The New Jersey Supreme Court held that the municipality properly denied a property tax exemption to the non-profit entity for the tax years 2002 and 2003 because the commingling of efforts and the entanglement of activities and operations by the non-profit entity and its profit-making affiliates was significant and substantial, with the benefit in the form of direct and indirect subsidies flowing only one way, i.e. from the non-profit entity to the for-profit entities.
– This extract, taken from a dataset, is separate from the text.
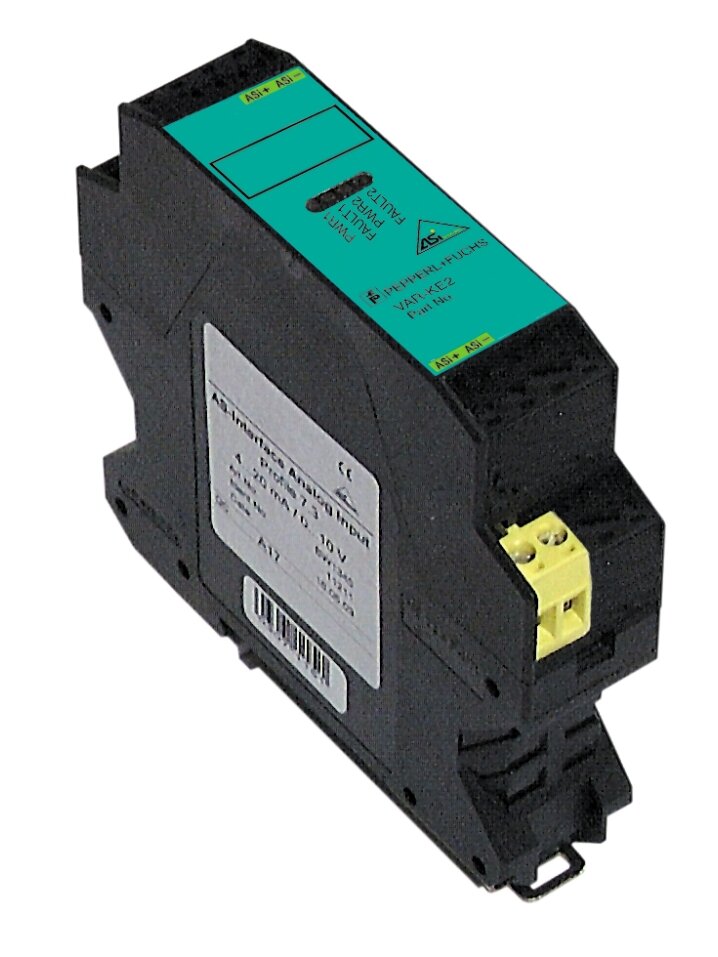 Pepperl+Fuchs VAN-KE2-2PE (203291) AS-i power extender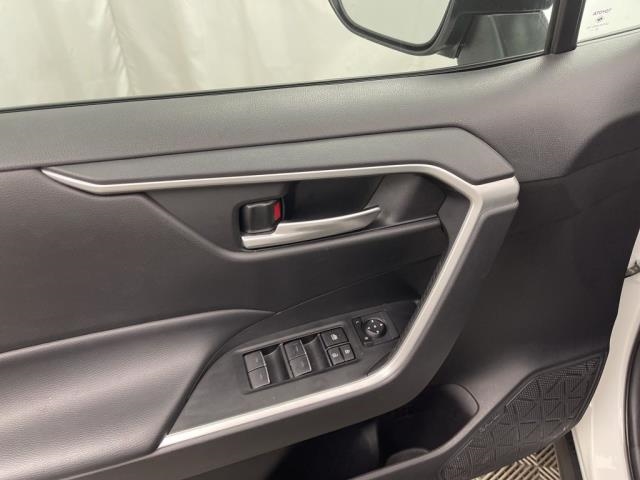 2024 Toyota RAV4 Hybrid XLE AWD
The Court held that N.J.S.A. 54:4-3.6, a statute granting exemption from property taxation, should be subject to strict construction and the party seeking exemption bears the burden of proving entitlement. The court in Paper Mill Playhouse listed three requirements that an entity must satisfy in order to obtain a property tax exemption under the statute. The requirements are: (1) it must be “organized exclusively for the moral and mental improvement of men, women, and children”; (2) its property must be actually and exclusively used for the tax-exempt purpose; and (3) its operation and the use of its property must not be conducted for profit

This test was altered by legislative action subsequent to the Paper Mill Playhouse decision. A legislative amendment eliminated the test’s second prong’s exclusivity requirement. The statute presently permits an exemption for property that is “actually used” in connection with tax-exempt functions.
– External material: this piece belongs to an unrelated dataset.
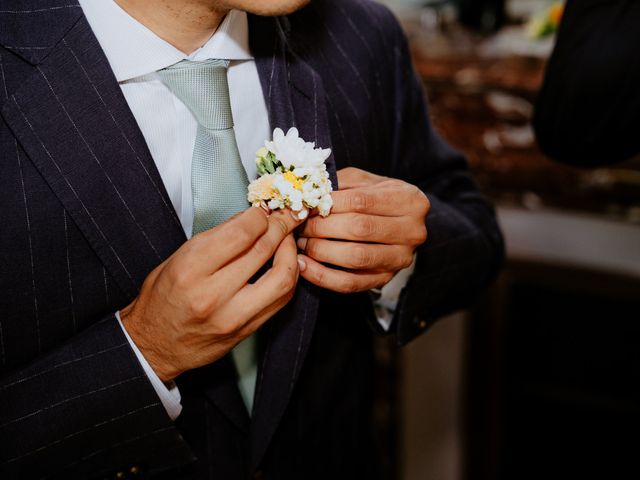 Le mariage de Alexis et Marie à Sennecey-le-Grand, Saône et Loire 20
The Legislature’s amendment of the statute to eliminate the “exclusivity-of-use” requirement meant that property of a non-profit exempt-entitled entity can be used for non-exempt purposes so long as the two purposes can be separately accounted for, and if the non exempt use is not granted the exemption. This amendment thus raised the question as to whether the Legislature’s elimination of the exclusivity requirement now allowed a non-profit entity to conduct for-profit activities in a commingled fashion on its owned and occupied property, not just to support for-profit activities of another entity, but also to support the for-profit activities of others. The Court reasoned that the Legislature did not intend to allow a non-profit entity to gain the benefits under the non-exclusivity clause of prong two and engage in for-profit activities that were not conducted to be separately accountable for taxing purposes. According to the Court, the legislative changes presumed an ability to identify, segregate, and measure any for-profit activity. Allowing a non-profit entity to claim an exemption when it has became inseparably entangled with for-profit entities would be an advantage for the for-profit entities at the expense of the taxpayers.
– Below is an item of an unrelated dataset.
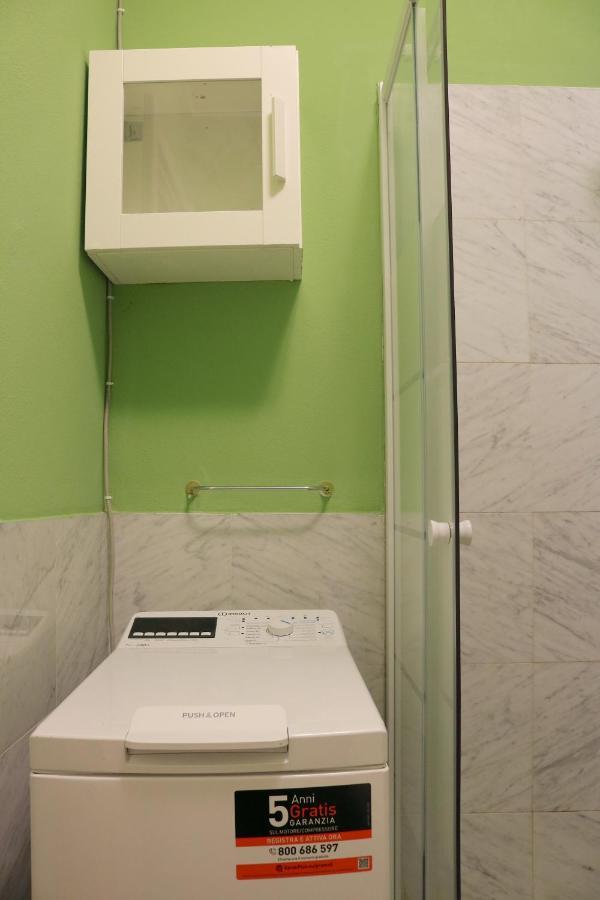 ミラノHappy Flat With Terraceアパートメント エクステリア 写真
The Court reiterated that the claimant of an exemption has the burden to establish its right to the exemption. Here, according to the Court, the non-profit entity was found to be at fault for being unable to distinguish between its non-profit activities on its owned and occupied property and the activities on the property that were promoting the interests of the for-profit entities. The non-profit entity commingled its financing and operations with the for-profit entities. In reaching this conclusion, the Court looked at the below market rents, the unsecured loans that were not timely repaid, and other activities. Consequently, the Court held that the Appellate Division properly affirmed the denial of the tax exemptions for 2002 and 2003.